It seems that Republicans are feeling pretty good about themselves these days:
By citing reservations about the economic recovery package, Gregg reinforced widespread GOP criticism about wasteful spending that has less to do with reviving the economy than rewarding Democratic constituencies. And by noting his differing view on the census, Gregg breathed life into Republican charges of a White House power grab over a critical Commerce Department function.
Both issues are part of an emerging GOP case against Obama and the ruling Democratic Party: Strip away the new face, the lofty rhetoric and the promises of post-partisanship and you’ll find the same big-spending party of old, bent on politicizing government to consolidate its hold on power.
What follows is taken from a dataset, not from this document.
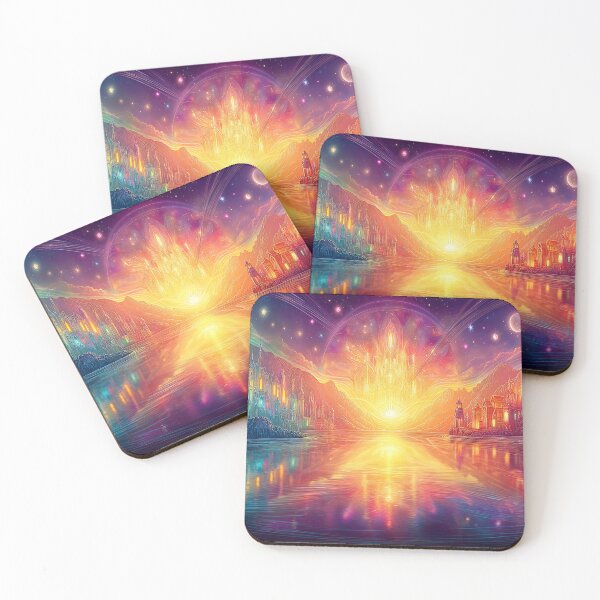 Item preview, The Twin Shores of Radiance designed and sold by gimpysticks.
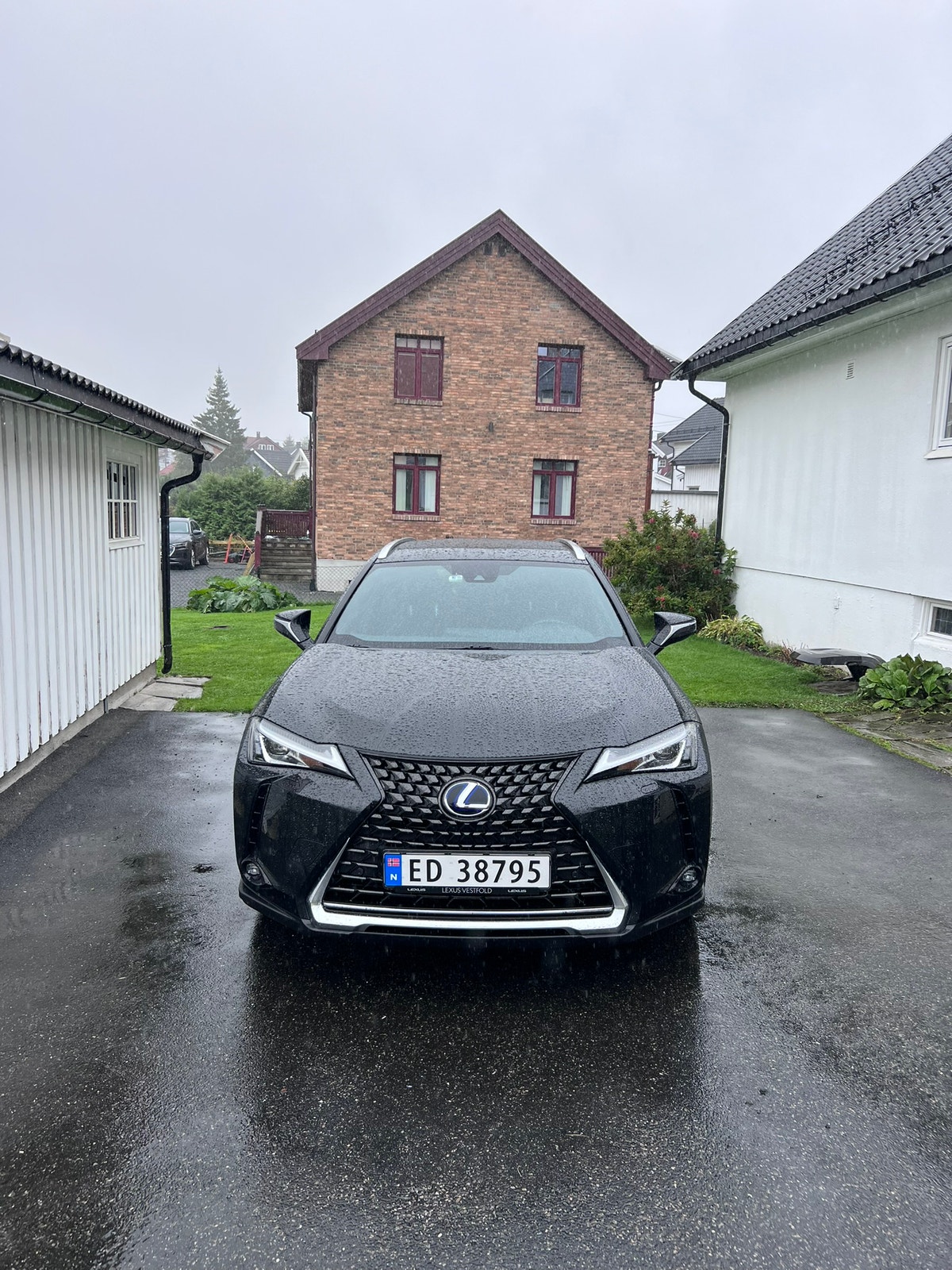 Brukt Lexus Ux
Even with the stimulus package on the verge of passing later this week, the unanimous GOP vote against the bill in the House and the near-unanimous opposition in the Senate revealed a Republican Party surprisingly united in direction and in message for perhaps the first time since losing its congressional majority in 2006.
This reminds me of what Eve Fairbanks wrote back on February 9 when she observed that they are “completely obsessed with winning the media “cycle” and getting the sexiest, most provocative quotes on TV, an attitude that yields the kind of overblown dreck RNC chair Michael Steele is now spouting.” She traces the origins of this mentality back to the summer’s “drill baby drill” outbursts “which Republicans cite constantly as the moment that will someday be recognized as the beginning of their rebirth, their A.D. 0: They mounted a lot of antics, their brazenly hyperbolic rhetoric ended up all over the news, and a frightened Pelosi backed down.”
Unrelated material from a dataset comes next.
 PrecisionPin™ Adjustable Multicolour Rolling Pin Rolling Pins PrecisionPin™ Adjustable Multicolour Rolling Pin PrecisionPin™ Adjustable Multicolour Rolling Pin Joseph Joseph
At the time, what Republican optimism about the drilling issue reminded me of was Republican optimism about the immigration issue. At one point, conventional wisdom held that taking a moderately pro-immigrant, pro-immigration line was necessary for a political party hoping to appeal to Hispanic voters. But the conservative base didn’t like that idea and scuttled it. These things happen. But then as more and more congressfolks got swept-up in the far-right maw, they became convinced that this bit of base pandering was going to deliver them to electoral nirvana. Then in November 2006, they took it on the chin.
Then you flash forward to 2008. At one point, conventional wisdom held that offshore drilling was a bad issue for its proponents—the only people who really cared about it were the people whose livelihoods and lifestyles would be imperiled by it—which is why even friend of the oilman George W. Bush never previously campaigned on offshore drilling. But the base wanted to drill offshore. So “drill, baby, drill” it was. And this, too, was supposed to be not just base pandering but brilliant politics. Then in November 2008, they took it on the chin.
Now they’ve convinced themselves that lockstep opposition to economic stimulus is the way to go. And the press, which mostly keeps believing that the right is politically brilliant despite two blown elections in a row, is inclined to give them the benefit of the doubt. But it seems hard to figure. Here’s some Gallup numbers:
I’ll be the first to tell you that none of this will matter very much if the economy is in the toilet in 2012. But the fact remains that what conservatives are doing is moving in lockstep opposition to a popular initiative backed by a popular congress and a Democratic congressional leadership that, while not particular popular, is still more popular than they are. And if you think back to what serious people thought Republicans’ electoral problems were two months ago, it’s very hard to see how complaining that the stimulus bill was insufficiently weighted to corporate and capital gains tax cuts is expanding the party’s appeal to non-whites or to the younger cohort of voters or demonstrating that it’s an effective custodian of the economic interests of lower middle class traditionalists.